Web page caption snippets
- - -

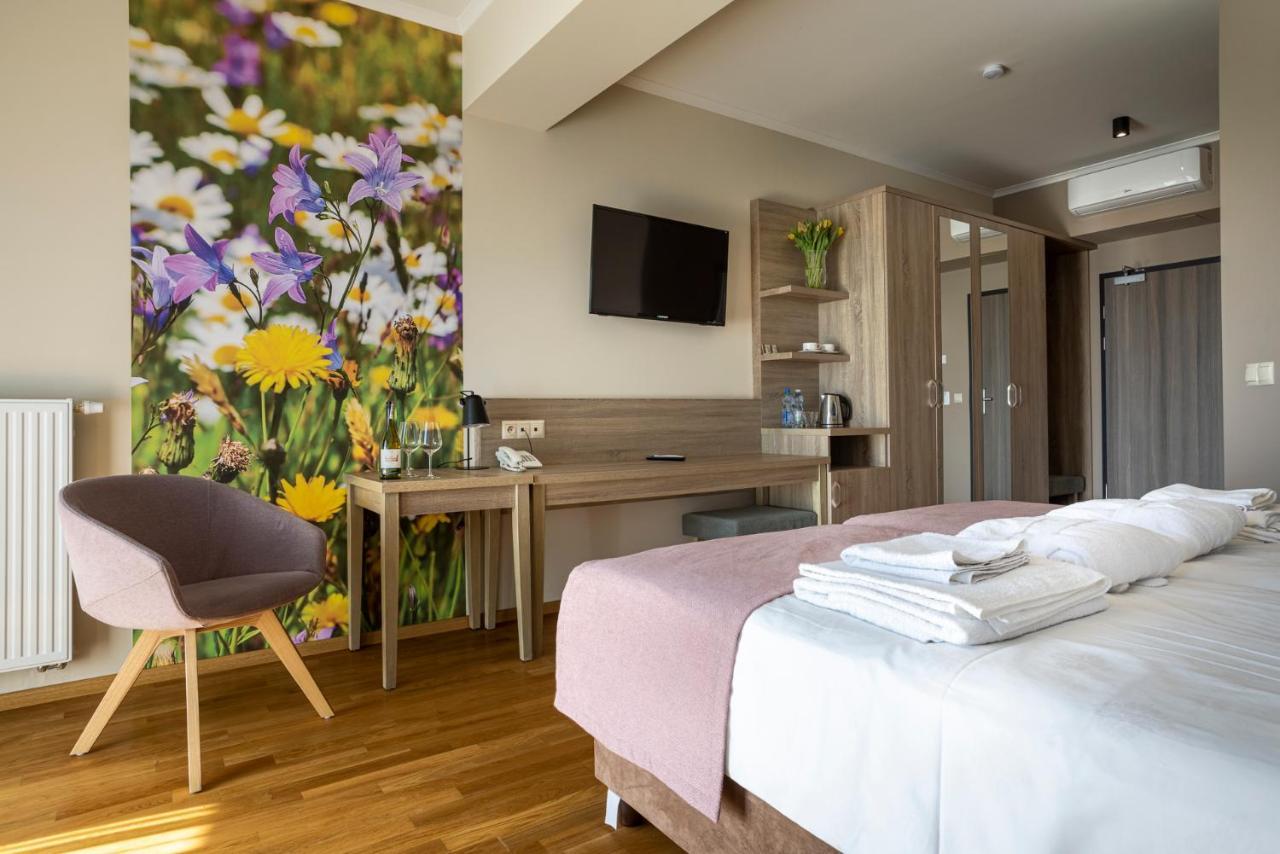 Terma Slowacki Resort Medical Spa Busko-Zdrój Dış mekan fotoğraf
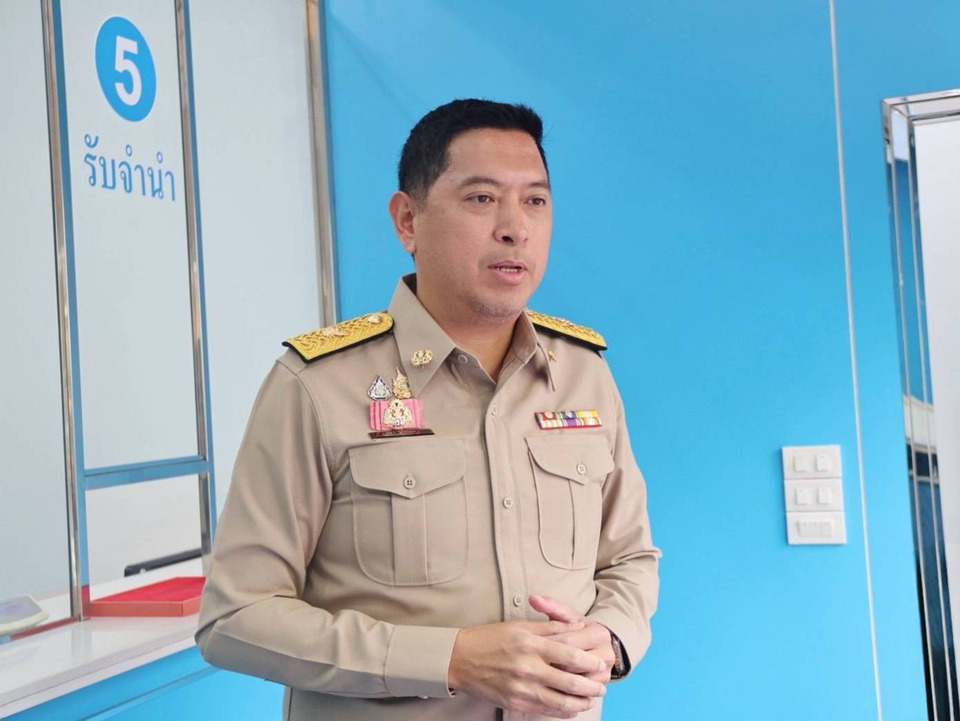 "นิกร" รมว.พม. โชว์ผลงาน  "สธค. Back to School ฟรีดอกเบี้ย " ประชาชนแห่ใช้บริการเกือบ 5 พันราย
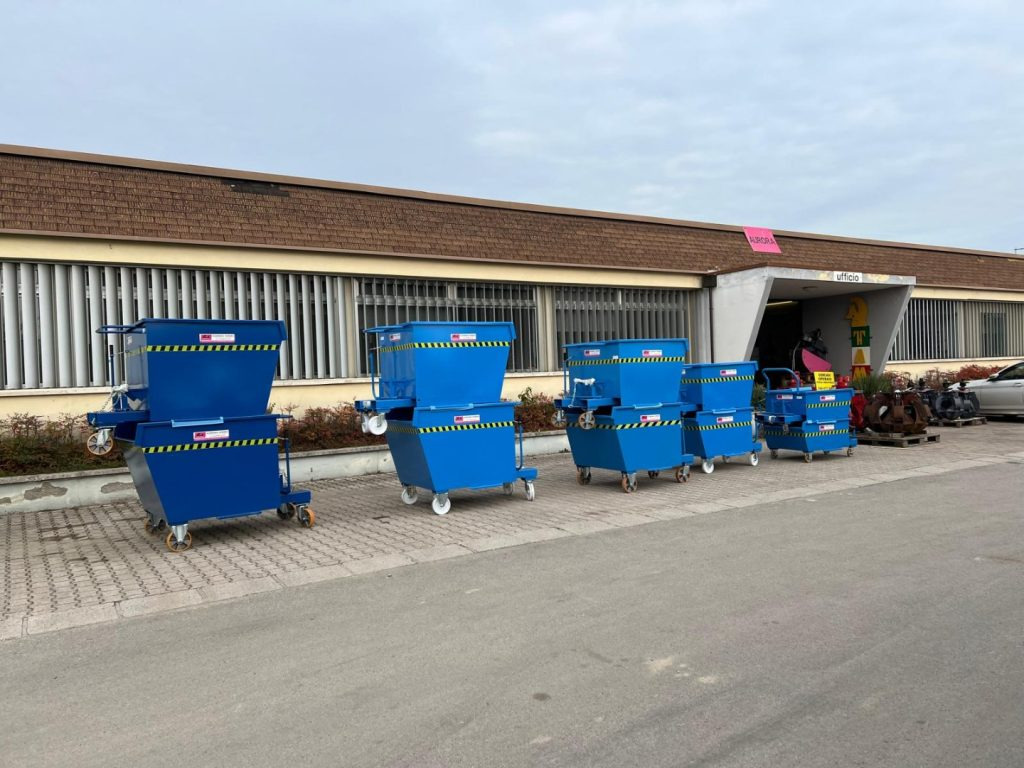 CONTAINER A BENNA RIBALTABILE - Будівельне обладнання: фото 2 CONTAINER A BENNA RIBALTABILE - Будівельне обладнання: фото 2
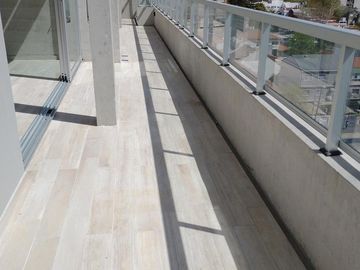 Departamento 2 ambientes a estrenar en Torre de categoría cochera - Barrio Vicente López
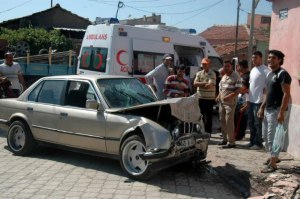 Trafik kazalarında 23 kişi öldü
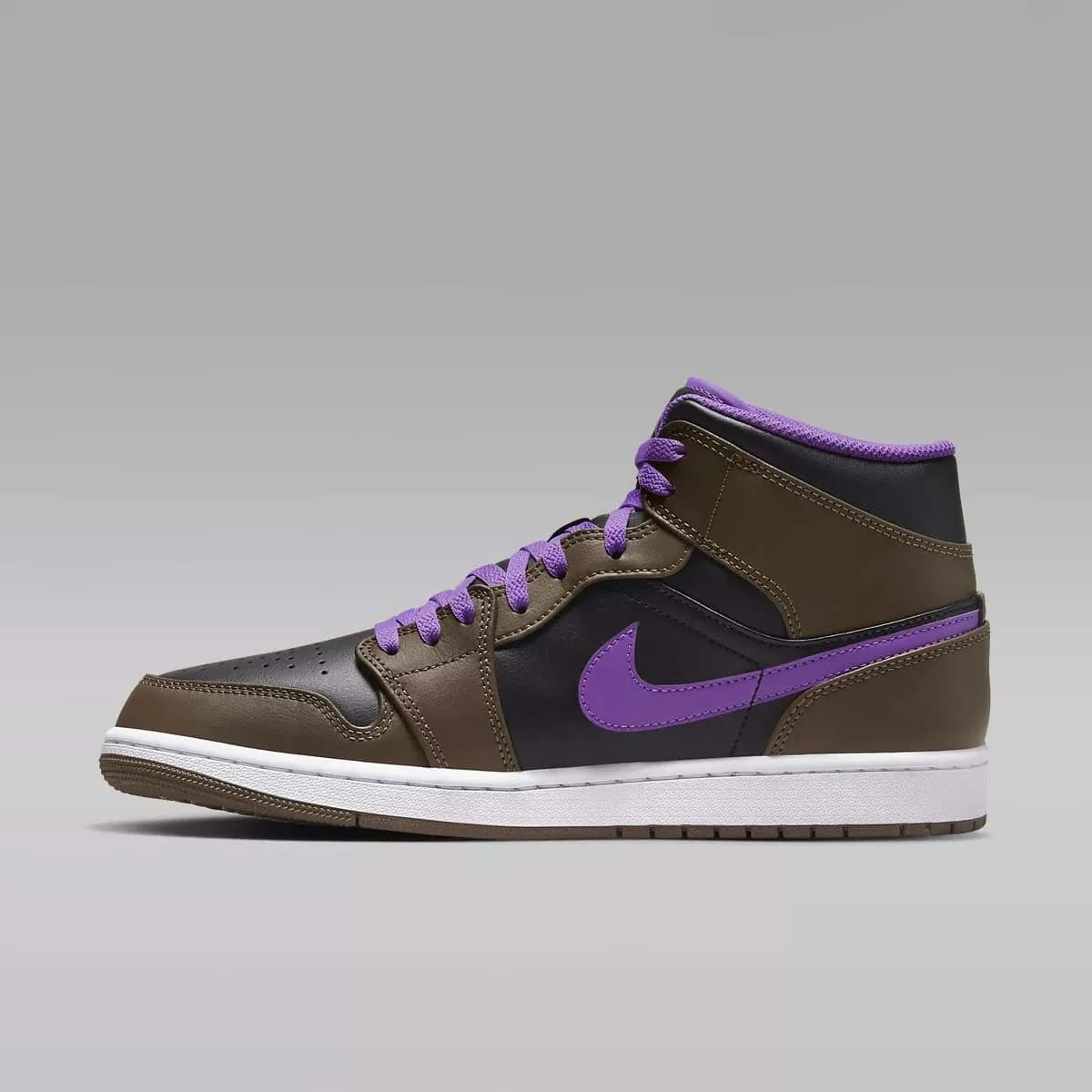 کتونی Nike مدل Jordan 1 Mid – DQ8426-215 — تصویر ۲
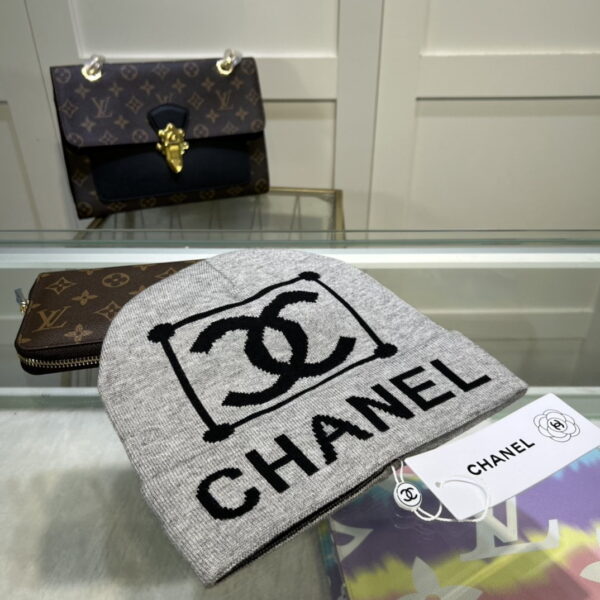 Chanel Beanie In Grey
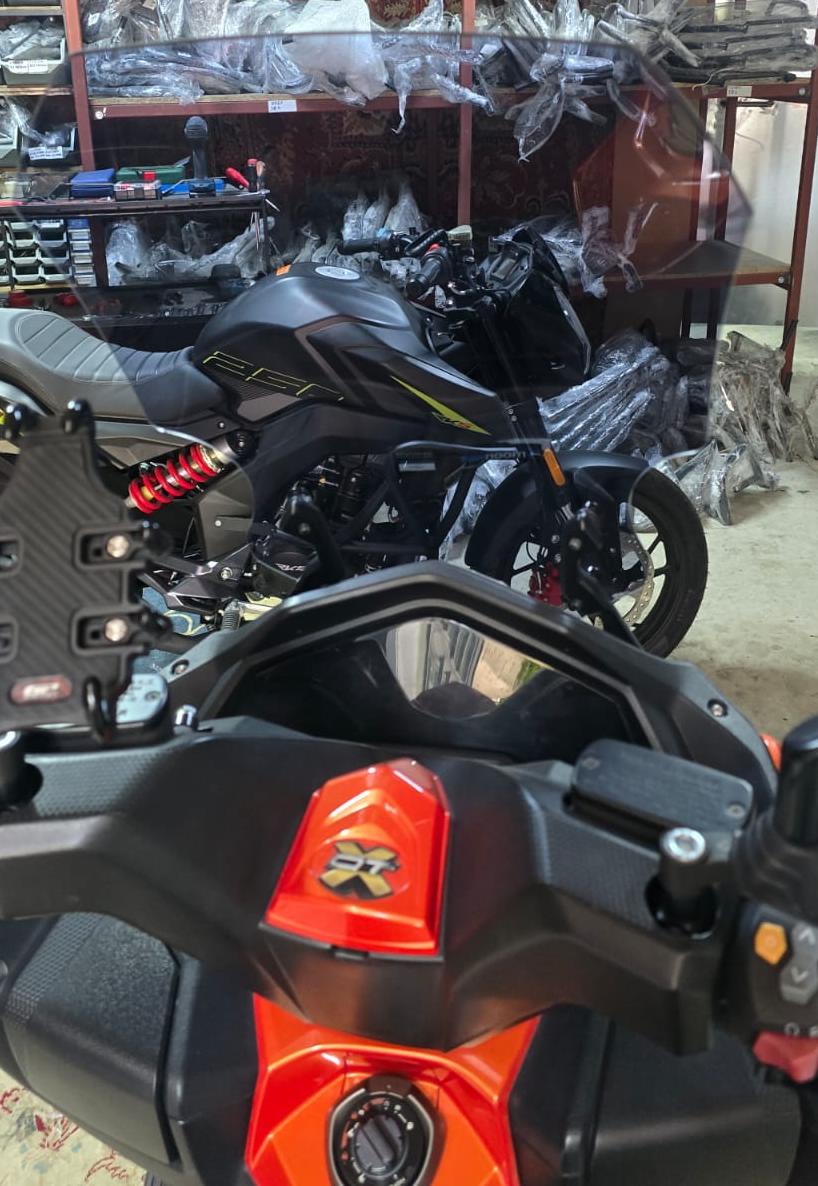 Kymco DTX 250 / 360 2021-2024 Uyumlu Ön Tur Camı Füme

- - -

→ **Your objective**: An exact copy of the lines from the one with "Departamento 2 ambientes" through the end of the entries above, both included, is the whole answer. It contains no pictures.

→ **Completed exercise**:
 Departamento 2 ambientes a estrenar en Torre de categoría cochera - Barrio Vicente López
 Trafik kazalarında 23 kişi öldü
 کتونی Nike مدل Jordan 1 Mid – DQ8426-215 — تصویر ۲
 Chanel Beanie In Grey
 Kymco DTX 250 / 360 2021-2024 Uyumlu Ön Tur Camı Füme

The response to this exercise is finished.